Using the data below, reproduce exactly the lines from the line with "Relaxed Fit 100% Linen Shirt | White" to the line with "AIが社会の媒介者として変革する多層的な影響と倫理的課題に関するイメージ", both included; pictures must be dropped.

#### Information given ####

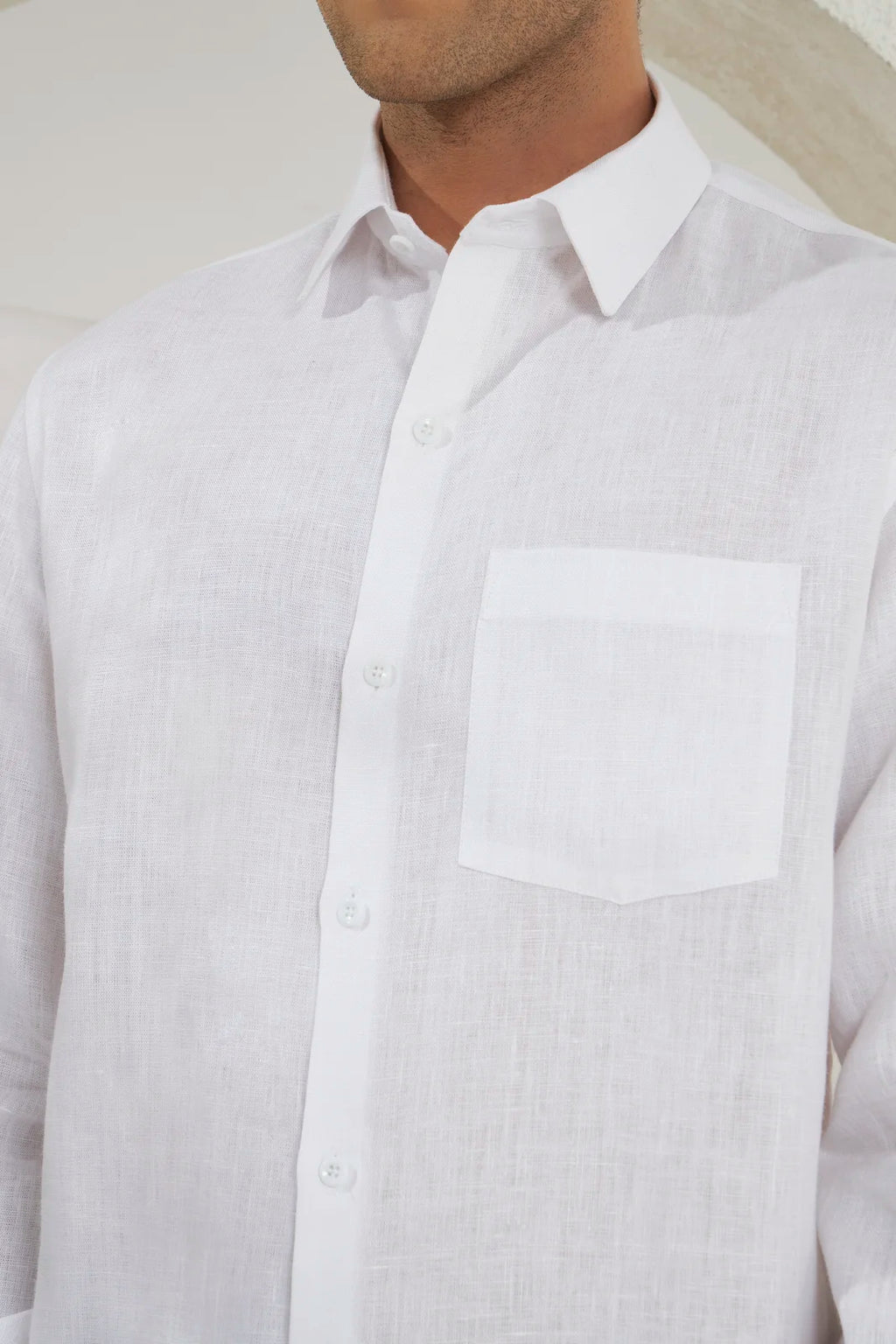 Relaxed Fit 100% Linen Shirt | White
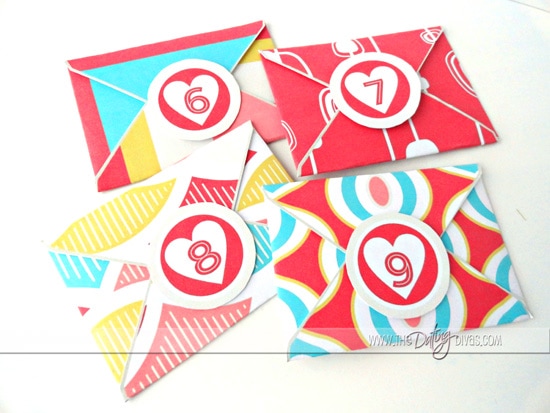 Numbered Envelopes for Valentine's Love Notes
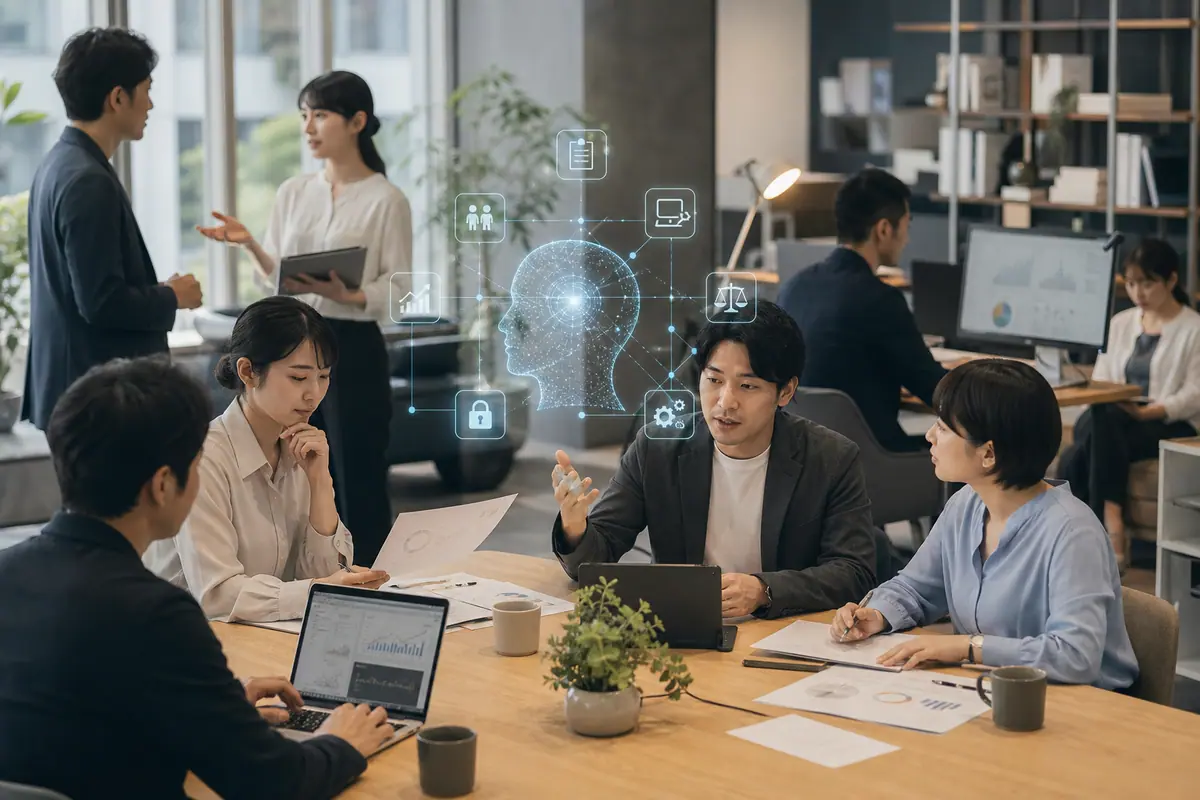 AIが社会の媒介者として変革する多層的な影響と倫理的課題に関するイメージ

####
#### Information given ####

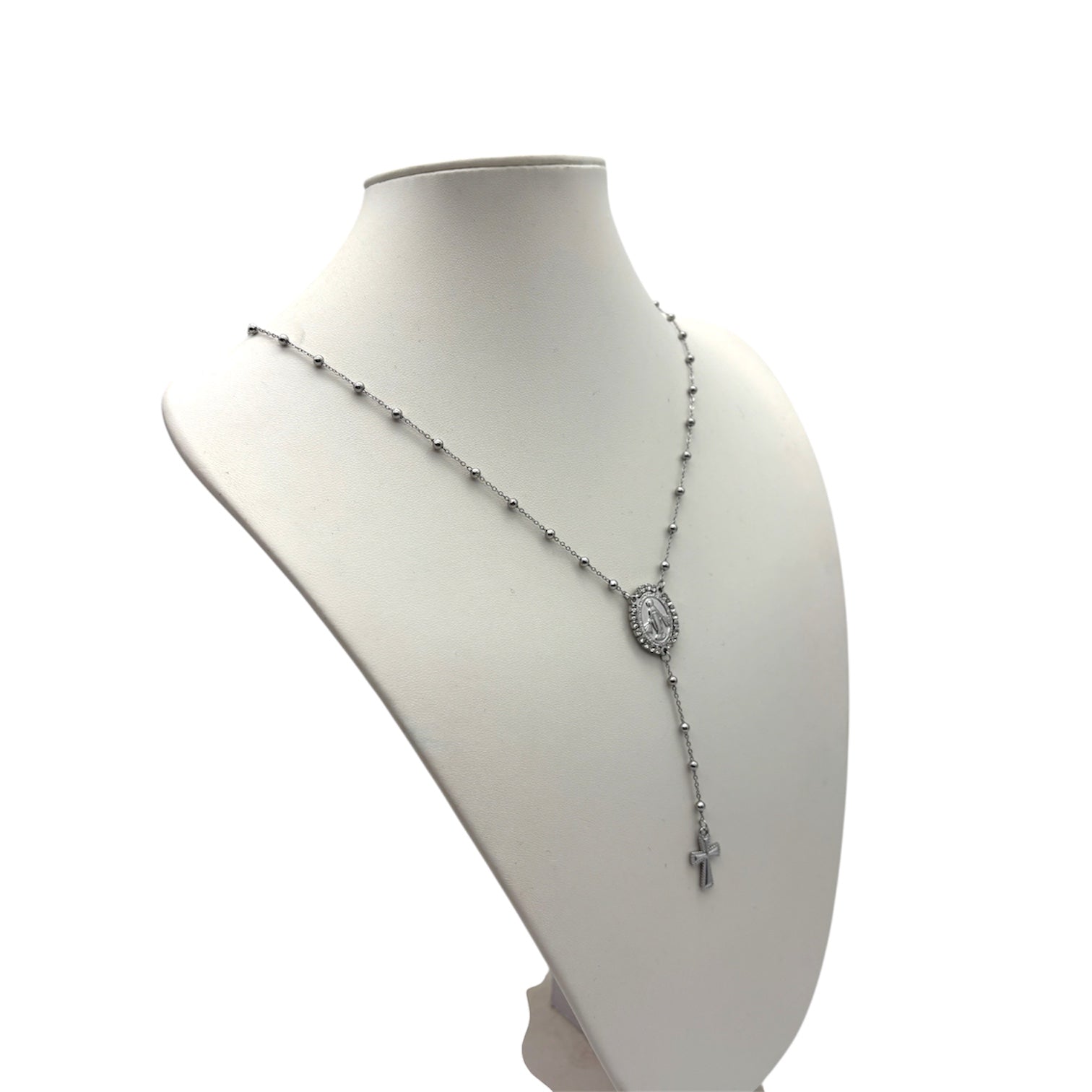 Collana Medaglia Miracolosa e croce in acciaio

####
#### Information given ####

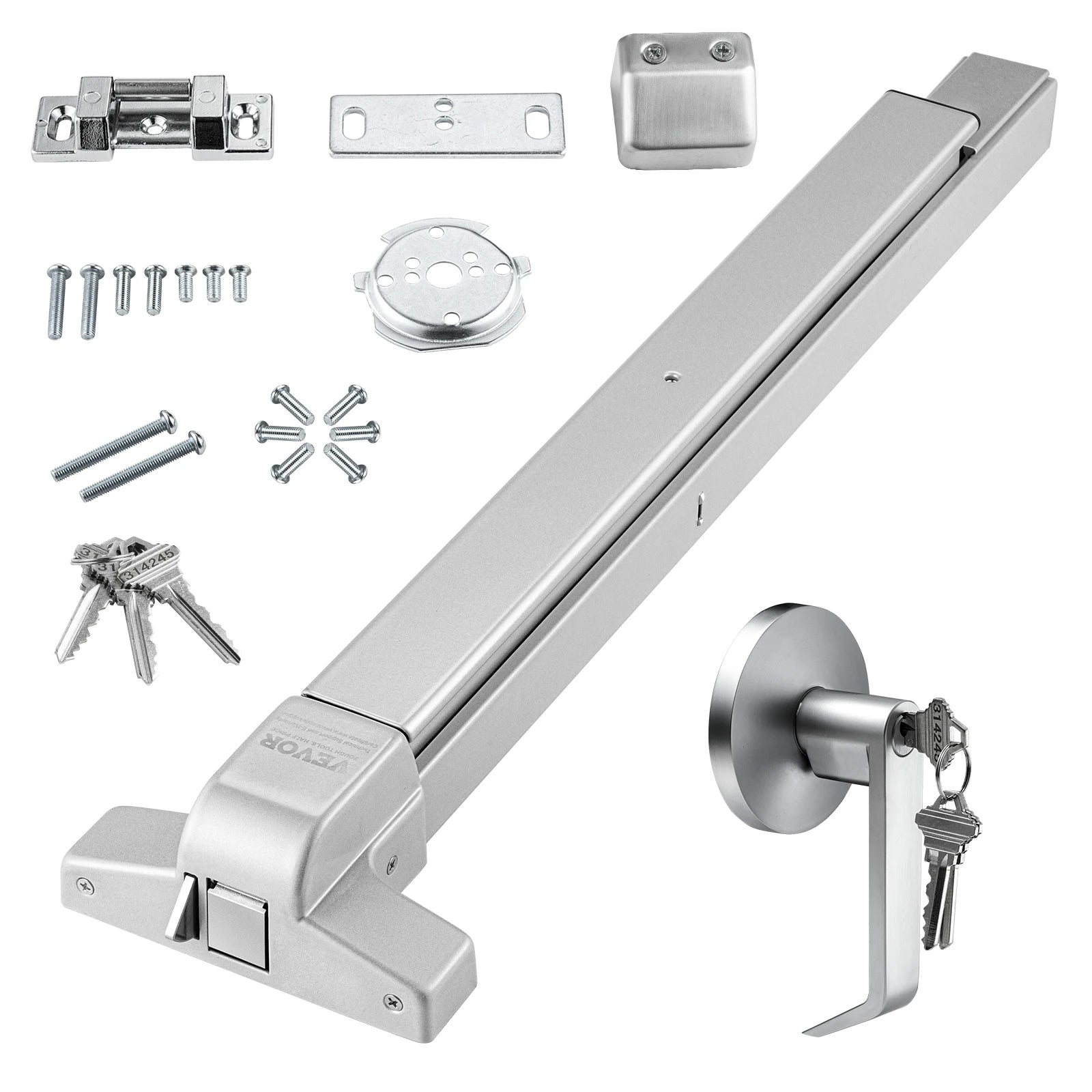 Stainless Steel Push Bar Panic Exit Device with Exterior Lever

####

Answer box:
 Relaxed Fit 100% Linen Shirt | White
 Numbered Envelopes for Valentine's Love Notes
 AIが社会の媒介者として変革する多層的な影響と倫理的課題に関するイメージ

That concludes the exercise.